A. PENGANTAR

A.  Pengantar

Pada bulan Agustus tahun 1995 saya diundang untuk ikut dalam acara debat dengan tema usulan, "Apakah Quran Pewahyuan Ilahi?" dengan Dr Jamal Badawi. Perdebatan tersebut berlangsung di Trinity College, Cambridge, dan setelah paparan kami selesai disajikan perdebatan dibuka untuk audiens selama satu jam pertanyaan baik dari Muslim dan Kristen yang hadir. Berikut adalah isi dari makalah, yang saya berikan dalam debat, serta materi lebih lanjut, yang saya digunakan dalam sesi tanya jawab, dan data lebih lanjut, yang telah saya keluarkan pada saat sesi debat. Karena ketertarikan yang ditunjukkan pada topik itu, kami telah menempatkan makalah ini bersama dengan sepuluh masalah apologetik lainnya, dan beberapa sanggahan muslim terhadap materi itu, serta sejumlah 99 Traktat Kebenaran populer di situs-web, di internet (silakan mengaksesnya di : http://www.domini.org/debate/home.htm).

Harapan kami adalah bahwa materi debat di situs web ini dapat menyebar ke seluruh dunia, dan membantu untuk menghidupkan dialog yang telah
dimulai dalam Debat Cambridge. (Catatan: Saya telah mencoba untuk memberi  catatan kaki pernyataan-pernyataan yang terbukti menjadi sumber perdebatan, atau yang akan merangsang pembaca untuk mencari data lebih lanjut.
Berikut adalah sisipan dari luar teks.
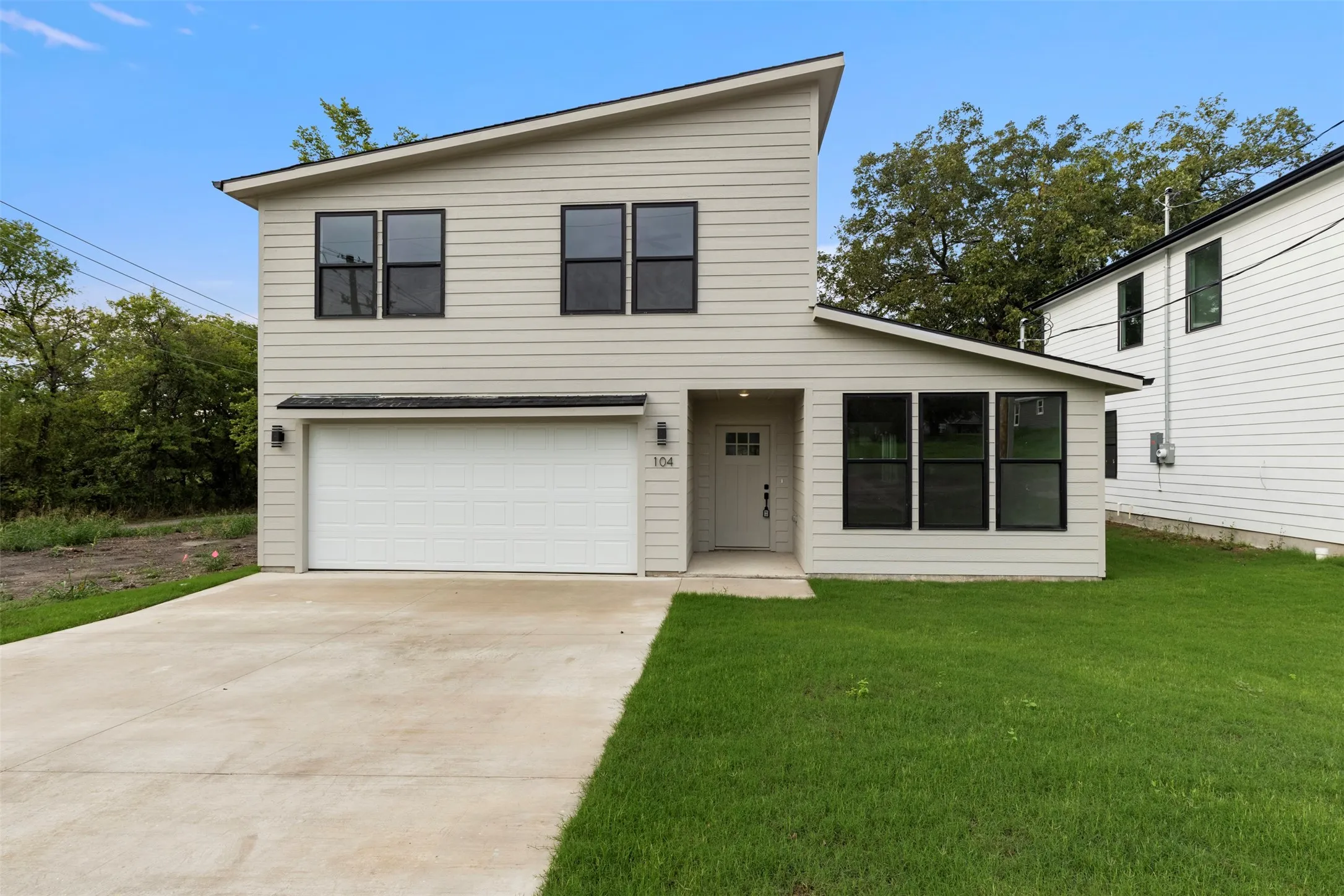Single Family Residence For Sale in Grayson County , 104 E Miller, Whitewright, Texas 75491, 5 Bedroom, 3 Bathroom, 2 Garage spaces, 2,100 Sqft, built in 2026, mls#21405065, Real Estate Agent in Whitewright, Homes For Sale in Grayson county, Homes For Sale in Whitewright, Realtor in Whitewright Texas, Real Estate Brokerage Independent Realty Texas, Luminita Cordes Realtor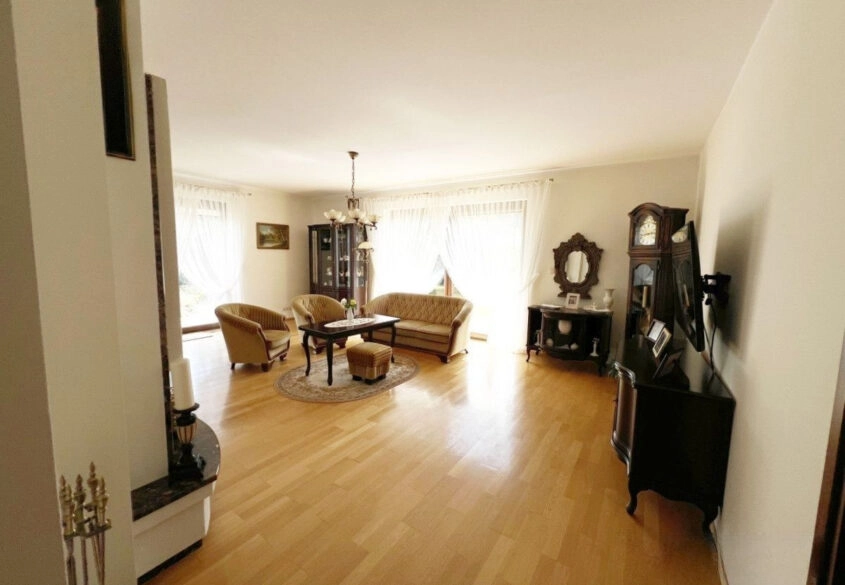 Dom wolnostojący w spokojnej okolicy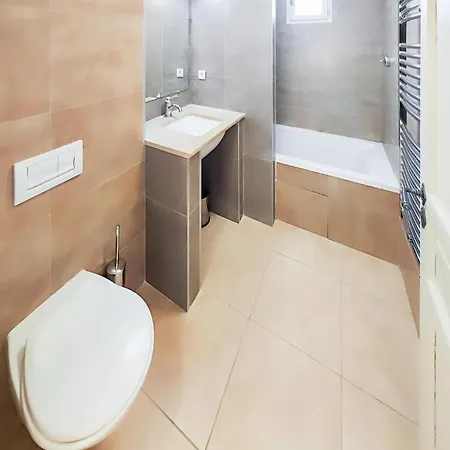 2 Bedroom Awesome In Saint-laurent-de-la-ca *
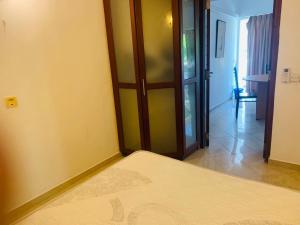 Crystal Sand Mount Lavinia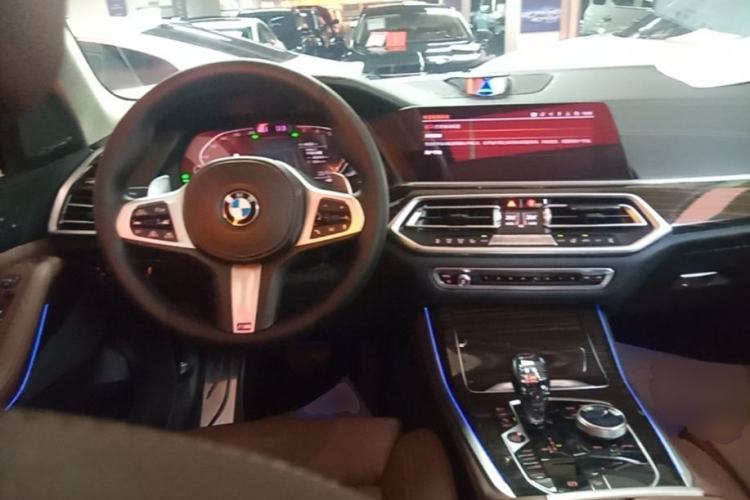 Used BMW X5 2019 xDrive40i Luxury Model with M Sport Package Steering Wheel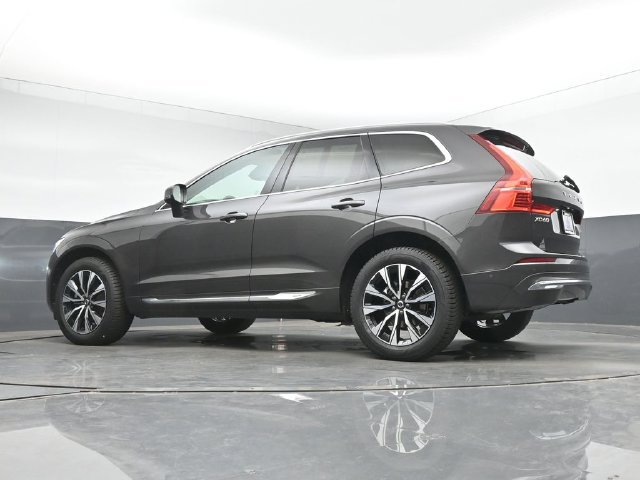 Used 2023 Volvo XC60 B5 Plus w/ Climate Package AWD/4WD image 40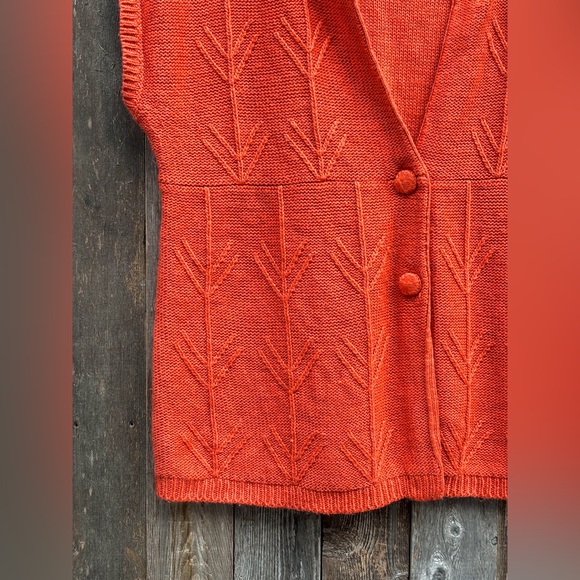 Sweater vest - Picture 2 of 8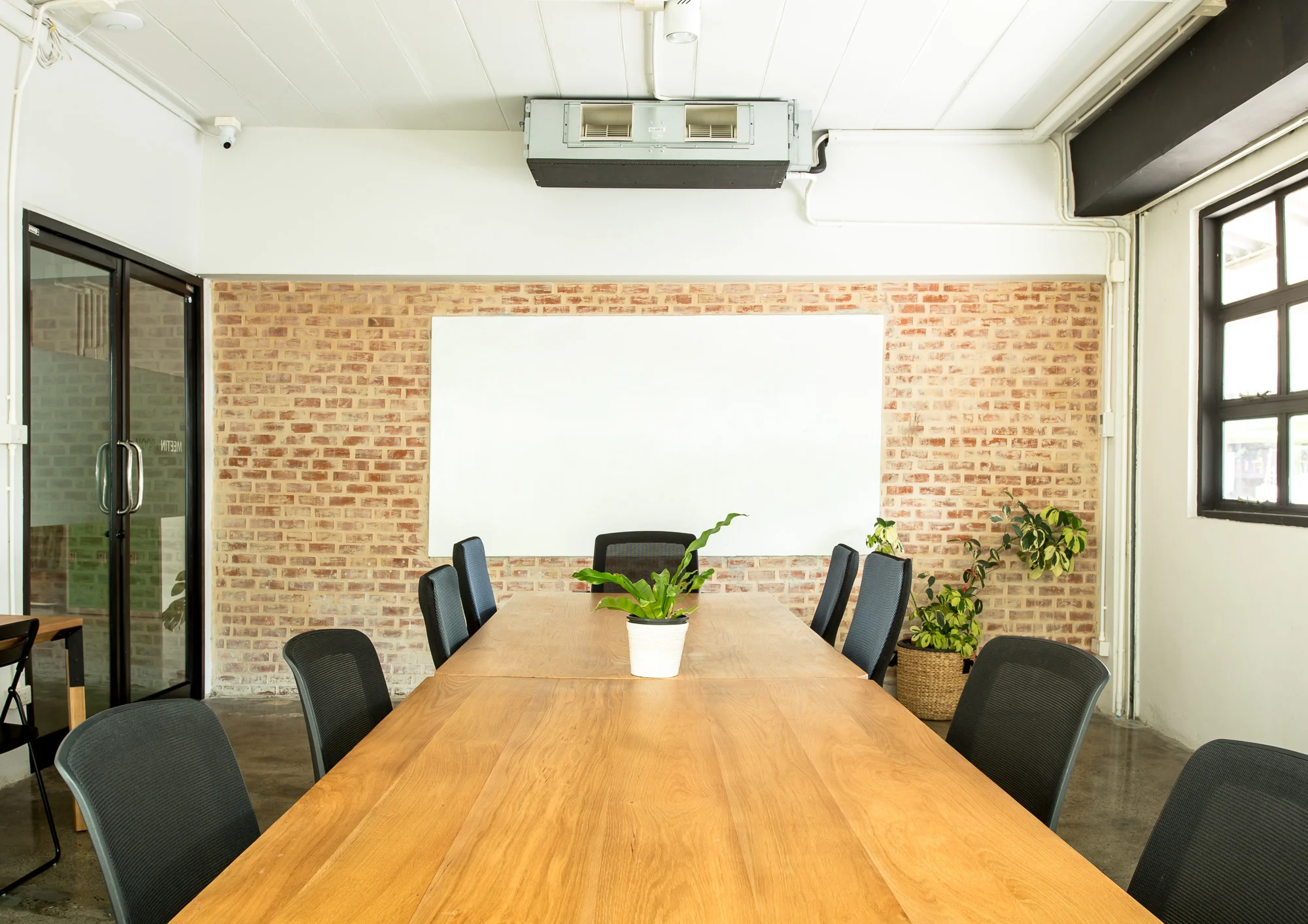 L Meeting Room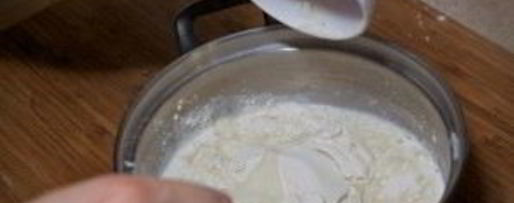 Шаг 1: заварного теста для чебуреков с водкой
Saya telah menggunakan model Harvard, yang dimulai dengan nama penulis, diikuti dengan tanggal publikasi, dan nomor halaman).

Mari kita mulai pelajaran kita. Islam mengklaim bahwa Al Qur'an bukan
hanya Firman Tuhan, tetapi ia adalah wahyu terakhir diberikan kepada manusia. Qur’an datang dari "Ibu dari segala kitab" menurut Surah 43:2-4. Muslim mempertahankan keyakinan bahwa Qur'an adalah salinan yang tepat kata perkata dari pewahyuan Allah yang terakhir, yang ditemukan di naskah asli yang selalu tersimpan di surga. Mereka merujuk pada Surah 85:21-22, yang berbunyi :

Bahkan yang didustakan mereka itu ialah Al- Quranul Majid yang tersimpan dalam Lauh Mahfuz. (QS 85:21-22) Ulama Islam berpendapat bahwa bagian ini mengacu pada kitab yang tidak pernah dibuat. Mereka percaya bahwa Qur'an adalah salinan identik dari buku surgawi yang kekal, bahkan sejauh tanda baca, judul dan divisi dari bab yang bersangkutan.
Menurut tradisi Muslim, "wahyu-wahyu ini mulai diturunkan (Tanzil atau Nazil) (Surah 17:85), dari level terendah dari surga tujuh lapis di bulan
Ramadhan, pada malam Lailatul Qadar (Pfander, 1910:262). Dari sana wahyu-wahyu ini diturunkan kepada Muhammad secara berangsur, seiring
dengan munculnya kebutuhan akan suatu hal, melalui malaikat Jibril (Surah 25:32). Akibatnya, setiap huruf dan setiap kata bebas dari pengaruh manusia, yang memberikan Al Qur’an aura otoritas, bahkan kekudusan, dan dengan demikian, integritas.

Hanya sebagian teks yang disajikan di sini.